Saisie de moyens invoquant la violation des articles 62, 399, 400 et 451 du Code des obligations et contrats, ainsi que des articles 345 et 354 du Code de procédure civile, la Cour suprême a examiné le raisonnement de la cour d’appel. Celle-ci avait retenu que le chèque, bien qu’instrument de paiement constituant un ordre inconditionnel de paiement d’une somme déterminée au bénéfice du porteur, demeure, comme tout engagement, soumis à l’exigence d’une cause réelle et licite dans les rapports entre le tireur et le bénéficiaire, conformément à l’article 62 du Code des obligations et contrats.

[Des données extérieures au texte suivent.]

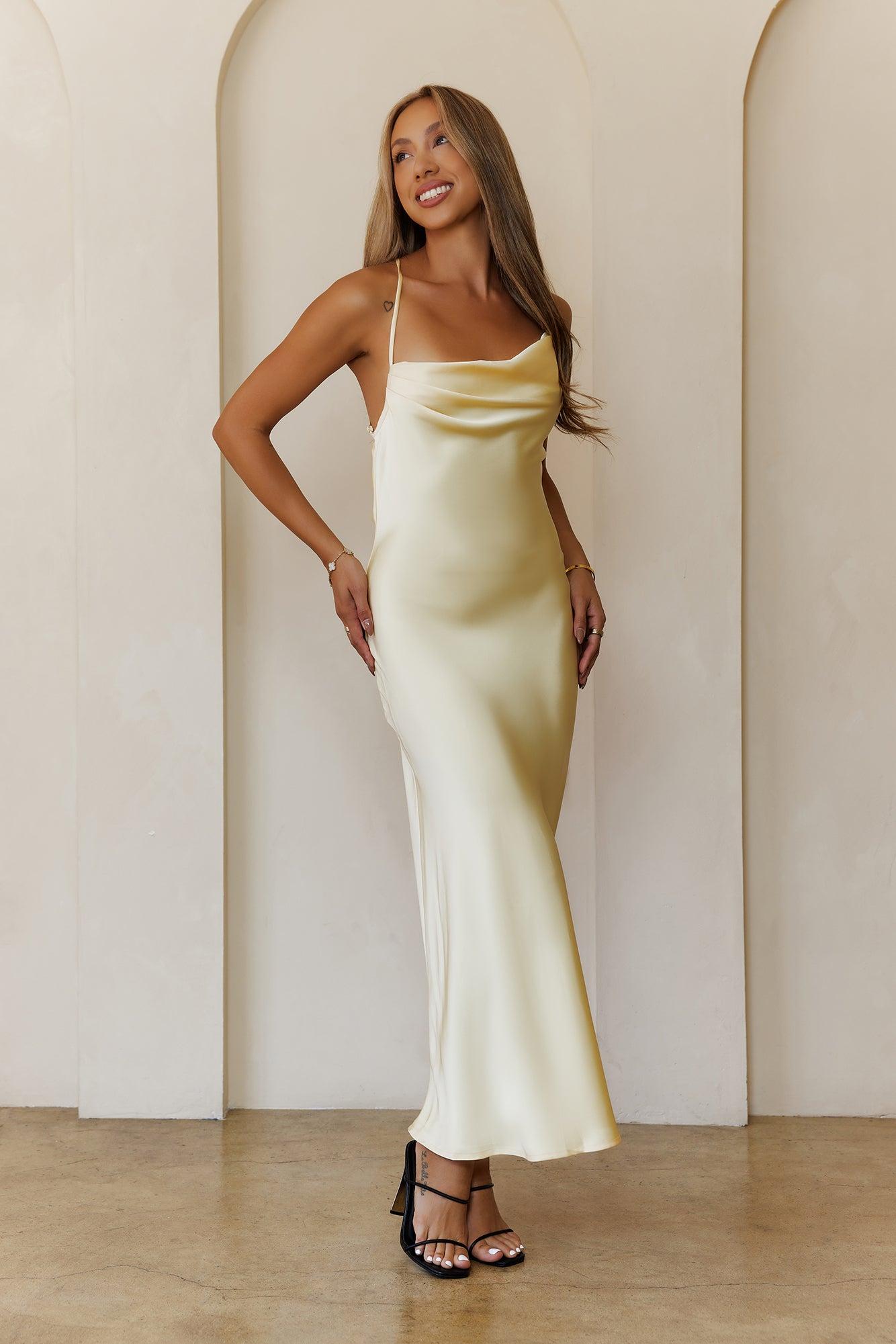 Satin Stargazer Maxi Dress Yellow Product Image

Constatant que le défendeur, bénéficiaire des chèques, n’avait ni sérieusement contesté l’allégation d’inexécution de son engagement ni apporté la preuve de son exécution, la cour d’appel avait conclu à l’absence de cause, entraînant la nullité de l’obligation.
La Cour suprême a validé cette approche, jugeant que la cour d’appel n’avait pas inversé la charge de la preuve, mais s’était fondée sur l’absence de contestation effective et de preuve contraire, en application des articles 399 et 400 du même code.
Concernant le moyen relatif à une prétendue dénaturation d’un jugement pénal de relaxe, la Cour suprême a relevé que la cour d’appel n’avait pas fait reposer sa décision sur ce jugement, mais sur l’inexécution de l’engagement du défendeur. Ce moyen, dénué de fondement factuel, a été jugé irrecevable.
La motivation de l’arrêt, jugée suffisante et exempte de vice juridique, a été confirmée, la cour d’appel ayant correctement appliqué le principe selon lequel l’existence d’une cause réelle et licite est indispensable à la validité de l’obligation sous-jacente au chèque.
Le pourvoi a été rejeté, avec condamnation du demandeur aux dépens, préservant l’annulation de l’obligation principale tout en maintenant la validité du contrat de cautionnement hypothécaire, non remise en cause dans le cadre du pourvoi.